An expert gives their prior distribution for the average daily sulphur dioxide level at a particular point in the centre of town. You measure the sulphur dioxide level daily for a week and use a Bayesian analysis to obtain the posterior distribution. When you show the data and the posterior distribution to the expert, he refuses to accept your analysis and draws a completely different distribution saying that, having seen the data, this is what he now believes.
(i) Why might your calculation and the expert’s sketch disagree?
People are strange and they do not actually update their opinions according to Bayes theorem, some are more conservative than others and some are quick to change their mind. A person whose opinions really do follow the rules of probability is described as coherent, so we could dismiss this expert as incoherent. Insulting the expert might make us feel better but it would not really address the problem.
(ii) Which distribution better describes the expert’s updated beliefs, your posterior or his sketch?
Probably the sketch.
(iii) If you reject the posterior, can you ever again be sure that a posterior distribution describes an updated opinion?
It is doubtful whether posterior distributions do actually describe people’s updated beliefs, what they give is a rational updating of the prior, but people are not rational.
(iv) If you reject the sketch, what confidence can you have in the prior that the expert drew?
In a Bayesian analysis the prior forms part of the model. So, as in all statistics, it is implicit that the conclusions are conditional on the model, which in a Bayesian analysis also means conditional on the prior. We might say, ‘If the data are well approximated by this mathematical model and if your prior beliefs are well approximated by this function, then this is what a coherent person would conclude’. We would certainly be concerned if small changes in the prior led to different conclusions, but the same could be said for any of the assumptions implicit in the mathematical part of the model.
Question 4:
Finally I asked about the setting of priors under a constraint. This question was meant as a step towards the general issue of eliciting expert opinion when parameters cannot be treated as independent.
A researcher wishes to estimate the proportions of different types of terrain using aerial photographs of sample areas. They agree to classify the terrain as forest, grassland or other and for a particular region give prior estimates of the percentages as 60%, 30%, 10% and when you ask them about their uncertainty they say that all prior estimates are accurate to within ±10%, that is to say they believe the percentages to lie within the ranges (50%,70%), (20%,40%) and (0%,20%)Further they believe that within those ranges all percentages are equally likely
(i) Why do these figures not describe a prior distibution?

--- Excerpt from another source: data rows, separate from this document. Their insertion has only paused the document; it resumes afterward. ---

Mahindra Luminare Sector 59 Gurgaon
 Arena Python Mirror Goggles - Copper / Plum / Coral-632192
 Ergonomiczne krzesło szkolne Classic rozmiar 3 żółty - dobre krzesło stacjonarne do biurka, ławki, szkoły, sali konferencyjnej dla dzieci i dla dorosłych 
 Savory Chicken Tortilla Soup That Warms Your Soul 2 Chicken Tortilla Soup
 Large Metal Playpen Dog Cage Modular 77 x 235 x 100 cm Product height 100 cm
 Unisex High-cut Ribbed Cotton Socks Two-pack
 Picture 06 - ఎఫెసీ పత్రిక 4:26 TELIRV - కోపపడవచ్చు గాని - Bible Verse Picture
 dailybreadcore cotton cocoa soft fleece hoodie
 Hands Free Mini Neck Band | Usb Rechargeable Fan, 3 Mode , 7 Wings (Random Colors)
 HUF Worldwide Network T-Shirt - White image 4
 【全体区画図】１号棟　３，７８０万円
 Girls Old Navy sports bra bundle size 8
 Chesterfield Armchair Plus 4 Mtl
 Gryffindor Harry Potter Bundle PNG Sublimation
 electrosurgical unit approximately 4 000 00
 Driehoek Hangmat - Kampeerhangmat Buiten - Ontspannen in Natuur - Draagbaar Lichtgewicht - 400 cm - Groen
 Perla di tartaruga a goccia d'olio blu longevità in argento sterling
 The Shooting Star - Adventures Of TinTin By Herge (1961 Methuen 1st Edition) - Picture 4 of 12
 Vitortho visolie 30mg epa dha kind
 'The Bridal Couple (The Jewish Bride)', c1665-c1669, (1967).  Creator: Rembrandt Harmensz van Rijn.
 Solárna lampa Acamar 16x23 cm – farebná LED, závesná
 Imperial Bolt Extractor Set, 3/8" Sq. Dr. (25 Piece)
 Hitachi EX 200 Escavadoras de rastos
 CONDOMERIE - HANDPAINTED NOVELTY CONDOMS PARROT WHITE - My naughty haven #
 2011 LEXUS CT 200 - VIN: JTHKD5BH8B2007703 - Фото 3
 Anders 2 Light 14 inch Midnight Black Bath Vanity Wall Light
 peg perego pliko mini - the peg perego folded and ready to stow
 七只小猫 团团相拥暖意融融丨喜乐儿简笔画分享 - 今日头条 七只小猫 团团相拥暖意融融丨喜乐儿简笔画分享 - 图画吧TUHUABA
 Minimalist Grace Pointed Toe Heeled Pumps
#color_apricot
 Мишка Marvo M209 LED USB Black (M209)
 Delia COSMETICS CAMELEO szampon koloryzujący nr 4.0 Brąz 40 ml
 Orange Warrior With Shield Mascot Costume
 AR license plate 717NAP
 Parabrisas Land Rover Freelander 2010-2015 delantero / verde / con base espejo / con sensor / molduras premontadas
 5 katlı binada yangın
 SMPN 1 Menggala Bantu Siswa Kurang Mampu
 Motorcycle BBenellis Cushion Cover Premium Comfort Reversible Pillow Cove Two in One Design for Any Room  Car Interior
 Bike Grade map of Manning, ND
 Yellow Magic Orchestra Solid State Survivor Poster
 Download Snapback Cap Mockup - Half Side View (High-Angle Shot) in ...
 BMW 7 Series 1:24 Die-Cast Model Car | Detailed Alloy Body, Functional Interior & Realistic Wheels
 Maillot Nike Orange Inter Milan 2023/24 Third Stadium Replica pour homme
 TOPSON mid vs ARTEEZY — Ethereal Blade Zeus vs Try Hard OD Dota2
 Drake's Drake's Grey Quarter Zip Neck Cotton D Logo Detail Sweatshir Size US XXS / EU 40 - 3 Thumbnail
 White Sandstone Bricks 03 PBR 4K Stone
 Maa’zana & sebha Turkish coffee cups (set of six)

If the first two percentages are 65% and 30% then the last one cannot be uniform(0,20). You can only place probability over combinations that sum to 100%
(ii) How would you get a non-statistician to describe their prior for this problem?
The expert has to allow for the dependence between the three probabilities. The easiest way for them to do this is would probably be to breakdown the prior into conditional stages. What proportion do you expect to be forested? What will be the proportion of grassland in the terrain that is not forested? Alternatively you could use a prior that is designed for probabilities that sum to one, such as a Dirichlet, and try to get the expert to understand that distribution. Perhaps you could generate some random data from Dirichlet distributions with different parameters and ask the expert to select the set that best reflects their opinion.